シーフードの中でも、レモンなど柑橘系を添えたり、爽やかなフレーバーのソースを絡めたりした料理と相性抜群です。スモークサーモン x ケッパーも非常に相性がいいです。

ソーセージ

オルヴァルはスパイシーな味わいを感じられるので、ぜひスパイスの効いたソーセージと一緒に召し上がっていただきたいです。プロシュートなど、塩っ気の強い肉料理もおすすめですよ。

たこ焼き

騙されたと思ってペアリングしてほしいおすすめの一品!たこ焼きは、意外にもベルギービールに合うんです。ソースがオルヴァルの美味しさをより一層引き立ててくれますよ。
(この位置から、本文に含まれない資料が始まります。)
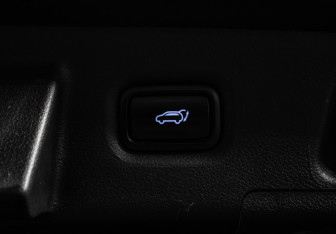 Подержанный автомобиль Hyundai Santa Fe 2022 года (14 фото)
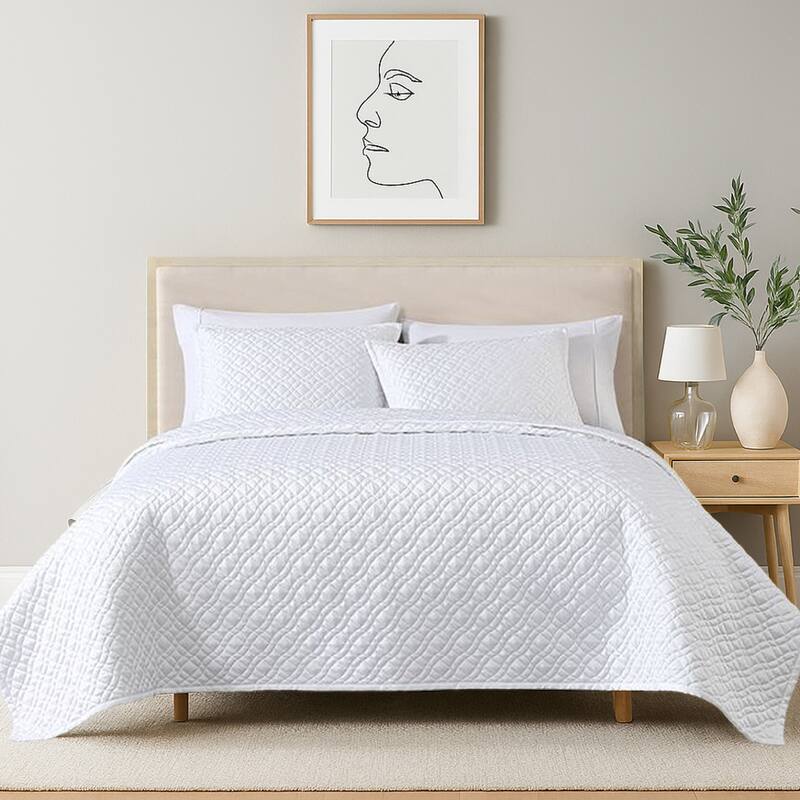 Keo 3pc King Coverlet Set, Reversible, Pillow Shams White Silky Fabric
ラベルから読む物語「オルヴァル」はいかがでしたか?なんだかロマンチックな物語が隠されていましたね。オルヴァルは甘味と酸味がほどよく調和され、独特な味わいが世界中のビールファンを魅了しています。もちろん日本にも多くのオルヴァルファンがいますね。食前酒として栓を開けたり、誰も試したことのない料理とのペアリングを楽しんでいるようです。
次回の物語もお楽しみに!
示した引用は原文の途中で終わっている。